Staff researcher David François Huynh has created an interesting tool for browsing semantic database Freebase, called Freebase Parallax. Written up by ZDNet’s Oliver Marks, the video Huynh recorded demonstrating Parallax (below) will knock your socks off.
Unfortunately, actually using Parallax demonstrates just how far from solid Freebase, one of the semantic web’s poster children, really is. The idea is to allow you to apply multiple filters for your searches and embed live charts in a blog. It’s a beautiful idea, check out the video.
Here’s the video below, if you find yourself saying “get to the point already,” then skip to about 1:30 in the timeline.
Unfortunately, when we tried out a number of searches in Parallax, very few subjects were well populated at all. We found duplicate subject titles where one held solid data and the other didn’t, but even that was a best case scenario. In search after search, we found next to nothing in Freebase.

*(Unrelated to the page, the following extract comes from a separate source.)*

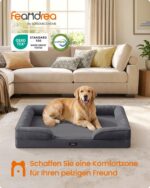Feandrea Orthopädisches Hundebett 112x81 cm – Noppenschaum mit erhöhtem Rand – Bild 2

The example above is nice, but let’s say I want to find out something about black women scientists. No luck. History of the internet? Not much information there. Venture Capitalists? Blank profile pages.
This ought to work. Freebase has taken more than $50 million in venture investments, they have a small army of volunteer and computer scientist contributors, they’ve got robots pumping their database with information automatically. There are now 60% more articles in Freebase than there are in English Wikipedia. So what’s the problem?
We wrote last week about ontological concerns about the semantic web, but Parallax shows that there are more superficial problems. An unfriendly UI has been Freebase’s excuse for a long time, despite recent improvements to it. We love the idea of the semantic web, but give it’s grand daddy website a usable UI like Parallax and we’re left questioning just how much there really is inside Freebase anyway.
For an alternate view see Alex Iskold’s Freebase: Dispelling the Skepticism, and some fault here may lay in the coolness ratio of the video to the Parallax app, but for now – we feel inclined to look elsewhere for the “semantic web killer app.”
Disclosure: The author has consulting relationships with a number of pre-launched semantic web companies.